How many news stories about assorted situations have we read where exactly this happened - someone was arrested and then released (sometimes the next morning with no charges, or all charges dropped? At that point, you get to pay $400/hr (less the hyperbole) to try to prove that the officer had no probable cause to arrest.
As for whether complaints matter - how many cases - like Chauvin, like Pantaleo (who was the one choking Eric Garner) - have had previous complaints and kept their job?
Pantaleo and a partner won a civil lawsuit previously brought because of their actions:
Pantaleo was the subject of two civil rights lawsuits in 2013 where plaintiffs accused him of falsely arresting them and abusing them. In one of the cases, he and other officers allegedly ordered two black men to strip naked on the street for a search and the charges against the men were dismissed.
Gives a whole new meaning to “strip search”. But note again, charges against the arrested men dismissed. Officer still on force until 2019. Did not even get indicted for a death due to “compression of the neck”. The death happened 2014, there were (by Wikipedia) 3 disciplinary hearings in 2019. and the officer was only fired when the media found out a judge had said he should be.
My point here is not to debate the death or the punishment, but to point out that this is what happens, even in something as serious as a death. Hired experts actually said Garner was not choked (and others said he was), did not die from choking, would have died anyway. Between the thin blue line and normal authoritarian desire to hide any mistakes - if all that happens to you is you are held in jail overnight and let go, unless it is a national media firestorm, nothing will happen to the officer.

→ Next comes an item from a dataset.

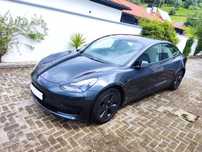 Tesla Model 3 Tração Traseira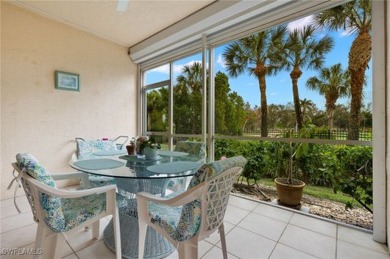 Welcome to 14401 Patty Berg Dr. Unit 103, Fort Myers, a charming on Cypress Lake Country Club in Florida - for sale on GolfHomes.com, golf home, golf lot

I see the point - qualified immunity - that police should not have to spend a week in court being sued over every little judgement call they make; but sometimes some will overuse that level of immunity.
OTOH, I suppose the simplest advice is best. Whether it’s a speeding ticket or mass murder, if the police have decided to do something like a ticket or arrest, you’re not going to talk your way out of it. They’ve heard every excuse in the book. What you can do, is talk your way deeper into it.